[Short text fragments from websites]
------------

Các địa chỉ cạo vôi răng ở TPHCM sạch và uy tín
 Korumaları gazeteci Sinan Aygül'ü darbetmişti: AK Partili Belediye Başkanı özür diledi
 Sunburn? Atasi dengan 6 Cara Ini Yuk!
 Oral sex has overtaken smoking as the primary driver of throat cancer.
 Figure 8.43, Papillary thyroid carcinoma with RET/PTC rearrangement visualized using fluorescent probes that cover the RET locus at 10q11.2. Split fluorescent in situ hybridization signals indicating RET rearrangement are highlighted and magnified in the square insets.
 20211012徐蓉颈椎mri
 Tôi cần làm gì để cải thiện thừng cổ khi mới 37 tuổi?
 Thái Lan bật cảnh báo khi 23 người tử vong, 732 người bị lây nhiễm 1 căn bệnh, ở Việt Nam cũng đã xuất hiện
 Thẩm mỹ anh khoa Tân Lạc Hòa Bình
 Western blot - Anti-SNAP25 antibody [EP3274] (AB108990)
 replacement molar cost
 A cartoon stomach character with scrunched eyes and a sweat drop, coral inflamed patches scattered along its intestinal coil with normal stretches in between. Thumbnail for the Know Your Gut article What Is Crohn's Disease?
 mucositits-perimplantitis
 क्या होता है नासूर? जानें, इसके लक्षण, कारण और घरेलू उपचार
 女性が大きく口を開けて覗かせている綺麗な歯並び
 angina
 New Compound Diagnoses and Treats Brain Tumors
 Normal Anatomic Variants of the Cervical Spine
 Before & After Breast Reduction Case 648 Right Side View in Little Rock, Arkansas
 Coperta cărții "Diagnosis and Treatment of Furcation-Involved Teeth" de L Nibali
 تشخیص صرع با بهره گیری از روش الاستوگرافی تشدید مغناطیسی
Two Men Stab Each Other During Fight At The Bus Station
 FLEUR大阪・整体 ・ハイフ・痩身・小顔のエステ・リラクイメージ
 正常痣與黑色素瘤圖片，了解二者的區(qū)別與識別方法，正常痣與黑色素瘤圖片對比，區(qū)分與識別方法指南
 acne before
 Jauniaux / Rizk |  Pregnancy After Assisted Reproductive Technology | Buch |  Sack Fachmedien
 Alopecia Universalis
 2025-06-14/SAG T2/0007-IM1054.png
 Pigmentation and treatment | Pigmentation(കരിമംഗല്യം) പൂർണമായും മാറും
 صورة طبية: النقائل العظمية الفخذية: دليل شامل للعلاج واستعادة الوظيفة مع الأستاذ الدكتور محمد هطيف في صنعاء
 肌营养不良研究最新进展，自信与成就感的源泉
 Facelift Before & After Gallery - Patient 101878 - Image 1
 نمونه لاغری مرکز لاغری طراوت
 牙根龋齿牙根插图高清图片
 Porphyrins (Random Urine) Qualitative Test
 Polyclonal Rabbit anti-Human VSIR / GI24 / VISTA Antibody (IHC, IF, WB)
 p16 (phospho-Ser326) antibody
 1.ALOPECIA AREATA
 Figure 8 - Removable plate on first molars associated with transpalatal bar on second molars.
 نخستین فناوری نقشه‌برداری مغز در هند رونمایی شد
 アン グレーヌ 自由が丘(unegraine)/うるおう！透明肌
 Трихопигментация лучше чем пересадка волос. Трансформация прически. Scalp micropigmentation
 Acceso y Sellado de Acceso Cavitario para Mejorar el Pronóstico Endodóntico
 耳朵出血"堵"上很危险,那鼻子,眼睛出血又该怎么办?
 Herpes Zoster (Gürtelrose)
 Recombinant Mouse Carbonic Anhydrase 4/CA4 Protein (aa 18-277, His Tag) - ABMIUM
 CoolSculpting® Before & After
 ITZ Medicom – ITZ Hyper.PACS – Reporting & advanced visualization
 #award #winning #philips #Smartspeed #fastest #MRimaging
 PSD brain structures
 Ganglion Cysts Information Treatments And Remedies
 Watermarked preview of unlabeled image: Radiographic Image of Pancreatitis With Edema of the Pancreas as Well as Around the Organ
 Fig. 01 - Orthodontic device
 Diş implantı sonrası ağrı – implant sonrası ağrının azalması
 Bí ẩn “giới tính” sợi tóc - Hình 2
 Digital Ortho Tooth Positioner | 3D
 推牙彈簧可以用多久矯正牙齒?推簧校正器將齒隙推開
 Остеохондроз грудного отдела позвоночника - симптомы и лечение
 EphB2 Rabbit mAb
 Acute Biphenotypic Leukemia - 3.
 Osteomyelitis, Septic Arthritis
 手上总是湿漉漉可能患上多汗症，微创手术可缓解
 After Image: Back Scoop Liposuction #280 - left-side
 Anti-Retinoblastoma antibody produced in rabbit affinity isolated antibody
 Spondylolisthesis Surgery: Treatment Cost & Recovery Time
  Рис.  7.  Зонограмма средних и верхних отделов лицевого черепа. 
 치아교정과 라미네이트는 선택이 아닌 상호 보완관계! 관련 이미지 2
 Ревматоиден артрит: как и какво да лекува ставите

------------

__What to do__: Give back every entry, word for word.

__Solution for this problem__:
Các địa chỉ cạo vôi răng ở TPHCM sạch và uy tín
 Korumaları gazeteci Sinan Aygül'ü darbetmişti: AK Partili Belediye Başkanı özür diledi
 Sunburn? Atasi dengan 6 Cara Ini Yuk!
 Oral sex has overtaken smoking as the primary driver of throat cancer.
 Figure 8.43, Papillary thyroid carcinoma with RET/PTC rearrangement visualized using fluorescent probes that cover the RET locus at 10q11.2. Split fluorescent in situ hybridization signals indicating RET rearrangement are highlighted and magnified in the square insets.
 20211012徐蓉颈椎mri
 Tôi cần làm gì để cải thiện thừng cổ khi mới 37 tuổi?
 Thái Lan bật cảnh báo khi 23 người tử vong, 732 người bị lây nhiễm 1 căn bệnh, ở Việt Nam cũng đã xuất hiện
 Thẩm mỹ anh khoa Tân Lạc Hòa Bình
 Western blot - Anti-SNAP25 antibody [EP3274] (AB108990)
 replacement molar cost
 A cartoon stomach character with scrunched eyes and a sweat drop, coral inflamed patches scattered along its intestinal coil with normal stretches in between. Thumbnail for the Know Your Gut article What Is Crohn's Disease?
 mucositits-perimplantitis
 क्या होता है नासूर? जानें, इसके लक्षण, कारण और घरेलू उपचार
 女性が大きく口を開けて覗かせている綺麗な歯並び
 angina
 New Compound Diagnoses and Treats Brain Tumors
 Normal Anatomic Variants of the Cervical Spine
 Before & After Breast Reduction Case 648 Right Side View in Little Rock, Arkansas
 Coperta cărții "Diagnosis and Treatment of Furcation-Involved Teeth" de L Nibali
 تشخیص صرع با بهره گیری از روش الاستوگرافی تشدید مغناطیسی
Two Men Stab Each Other During Fight At The Bus Station
 FLEUR大阪・整体 ・ハイフ・痩身・小顔のエステ・リラクイメージ
 正常痣與黑色素瘤圖片，了解二者的區(qū)別與識別方法，正常痣與黑色素瘤圖片對比，區(qū)分與識別方法指南
 acne before
 Jauniaux / Rizk |  Pregnancy After Assisted Reproductive Technology | Buch |  Sack Fachmedien
 Alopecia Universalis
 2025-06-14/SAG T2/0007-IM1054.png
 Pigmentation and treatment | Pigmentation(കരിമംഗല്യം) പൂർണമായും മാറും
 صورة طبية: النقائل العظمية الفخذية: دليل شامل للعلاج واستعادة الوظيفة مع الأستاذ الدكتور محمد هطيف في صنعاء
 肌营养不良研究最新进展，自信与成就感的源泉
 Facelift Before & After Gallery - Patient 101878 - Image 1
 نمونه لاغری مرکز لاغری طراوت
 牙根龋齿牙根插图高清图片
 Porphyrins (Random Urine) Qualitative Test
 Polyclonal Rabbit anti-Human VSIR / GI24 / VISTA Antibody (IHC, IF, WB)
 p16 (phospho-Ser326) antibody
 1.ALOPECIA AREATA
 Figure 8 - Removable plate on first molars associated with transpalatal bar on second molars.
 نخستین فناوری نقشه‌برداری مغز در هند رونمایی شد
 アン グレーヌ 自由が丘(unegraine)/うるおう！透明肌
 Трихопигментация лучше чем пересадка волос. Трансформация прически. Scalp micropigmentation
 Acceso y Sellado de Acceso Cavitario para Mejorar el Pronóstico Endodóntico
 耳朵出血"堵"上很危险,那鼻子,眼睛出血又该怎么办?
 Herpes Zoster (Gürtelrose)
 Recombinant Mouse Carbonic Anhydrase 4/CA4 Protein (aa 18-277, His Tag) - ABMIUM
 CoolSculpting® Before & After
 ITZ Medicom – ITZ Hyper.PACS – Reporting & advanced visualization
 #award #winning #philips #Smartspeed #fastest #MRimaging
 PSD brain structures
 Ganglion Cysts Information Treatments And Remedies
 Watermarked preview of unlabeled image: Radiographic Image of Pancreatitis With Edema of the Pancreas as Well as Around the Organ
 Fig. 01 - Orthodontic device
 Diş implantı sonrası ağrı – implant sonrası ağrının azalması
 Bí ẩn “giới tính” sợi tóc - Hình 2
 Digital Ortho Tooth Positioner | 3D
 推牙彈簧可以用多久矯正牙齒?推簧校正器將齒隙推開
 Остеохондроз грудного отдела позвоночника - симптомы и лечение
 EphB2 Rabbit mAb
 Acute Biphenotypic Leukemia - 3.
 Osteomyelitis, Septic Arthritis
 手上总是湿漉漉可能患上多汗症，微创手术可缓解
 After Image: Back Scoop Liposuction #280 - left-side
 Anti-Retinoblastoma antibody produced in rabbit affinity isolated antibody
 Spondylolisthesis Surgery: Treatment Cost & Recovery Time
  Рис.  7.  Зонограмма средних и верхних отделов лицевого черепа. 
 치아교정과 라미네이트는 선택이 아닌 상호 보완관계! 관련 이미지 2
 Ревматоиден артрит: как и какво да лекува ставите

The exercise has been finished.